• _What is needed_
The records are set out below this line. Return exactly the lines from the one containing "1ère conférence de" through the last, and exclude the pictures.
++++++++
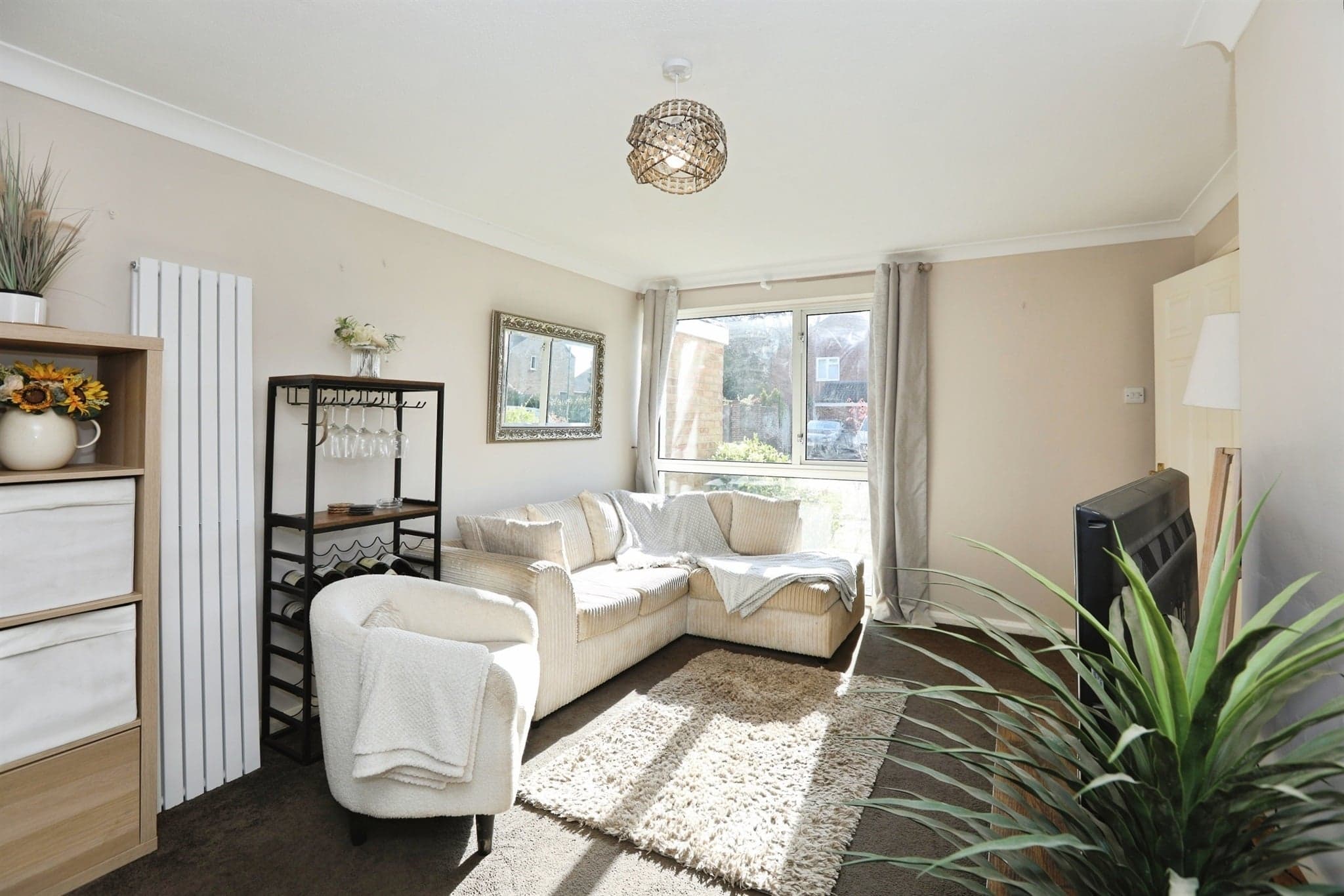 Property at Heather Close, Copthorne, Crawley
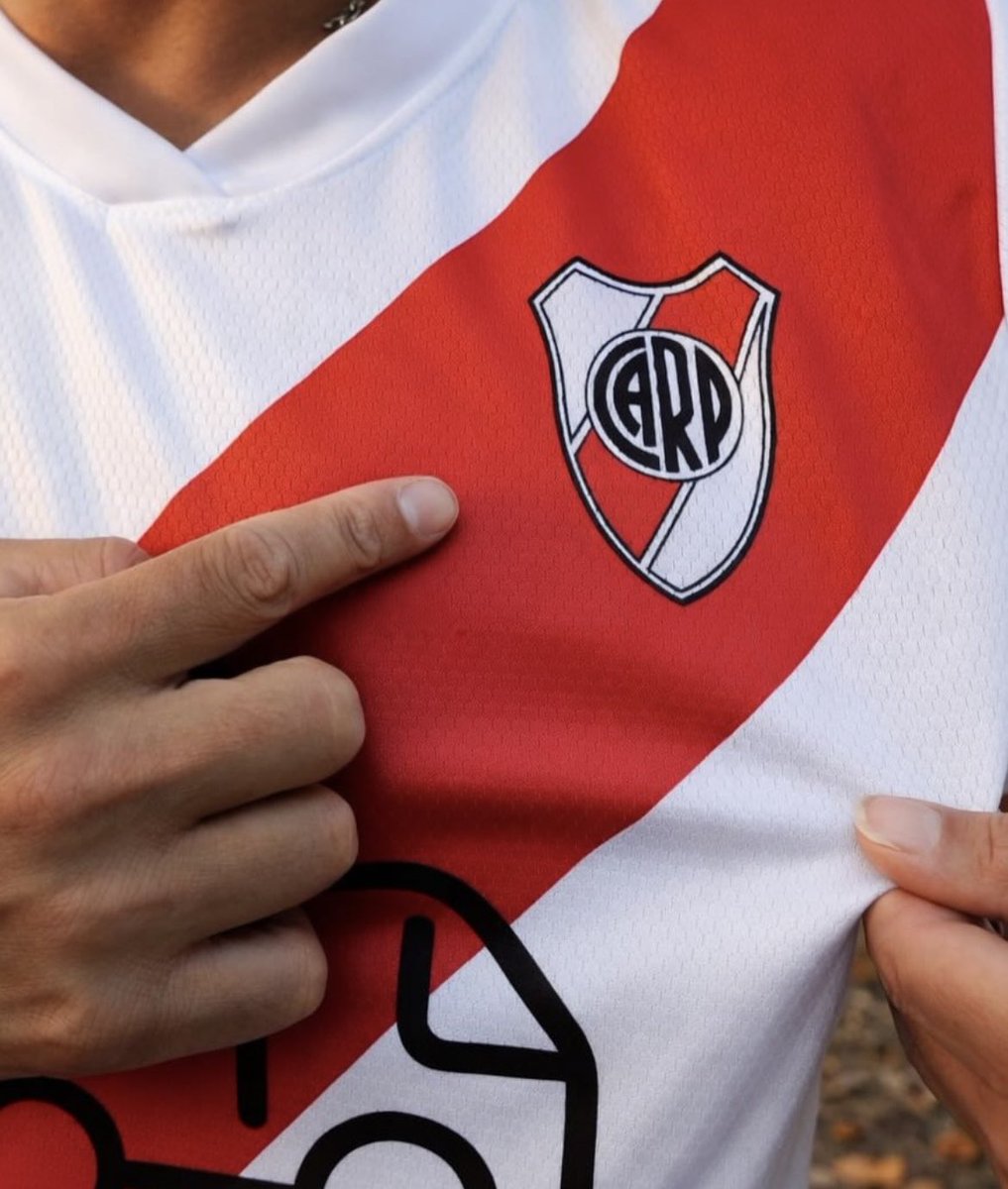 Nicolás De León tweet media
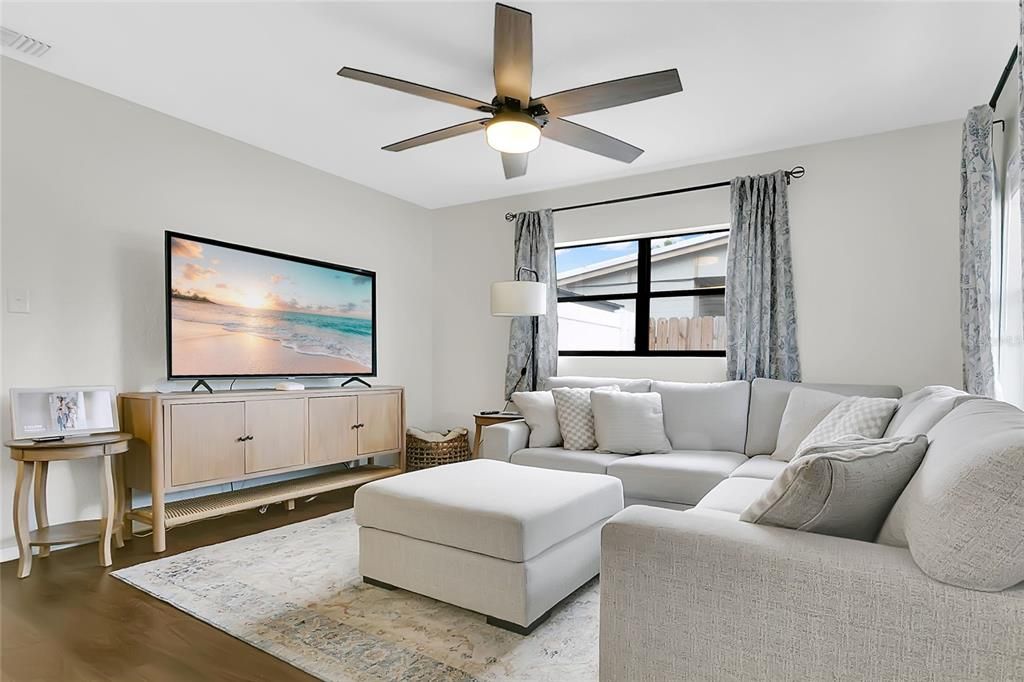 Active With Contract: $315,000 (3 beds, 1 baths, 1165 Square Feet)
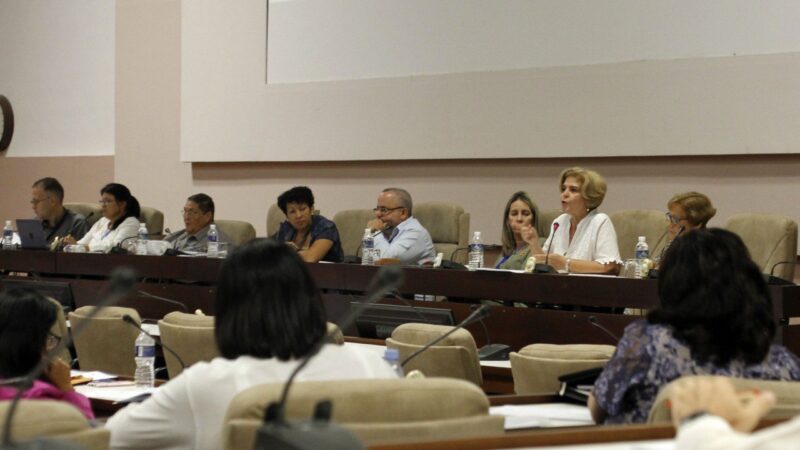 Reafirman papel de la escuela como sitio esencial de la comunidad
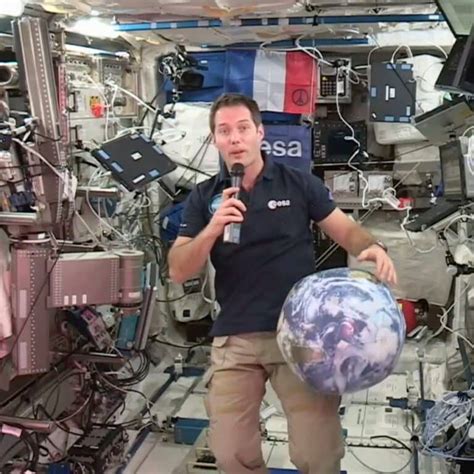 1ère conférence de presse de Thomas Pesquet depuis l ISS Cité de l espace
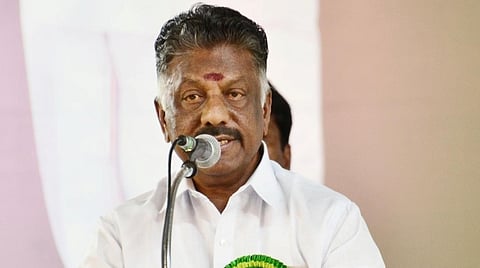 கிராம உதவியாளர்களுக்கு காலமுறை ஊதியம் தர வேண்டும்: ஓபிஎஸ் வலியுறுத்தல்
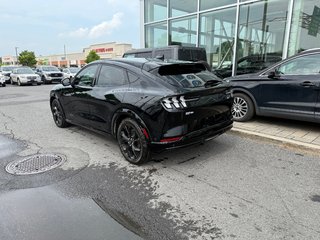 Ford Mustang Mach-E  2023 à Brossard, Québec - 5 - w320h240px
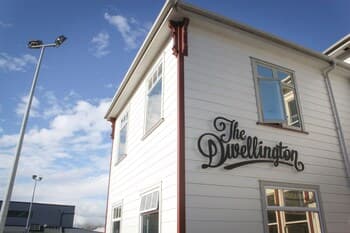 The Dwellington - Hostel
++++++++
• _Exercise response_
 1ère conférence de presse de Thomas Pesquet depuis l ISS Cité de l espace
 கிராம உதவியாளர்களுக்கு காலமுறை ஊதியம் தர வேண்டும்: ஓபிஎஸ் வலியுறுத்தல்
 Ford Mustang Mach-E  2023 à Brossard, Québec - 5 - w320h240px
 The Dwellington - Hostel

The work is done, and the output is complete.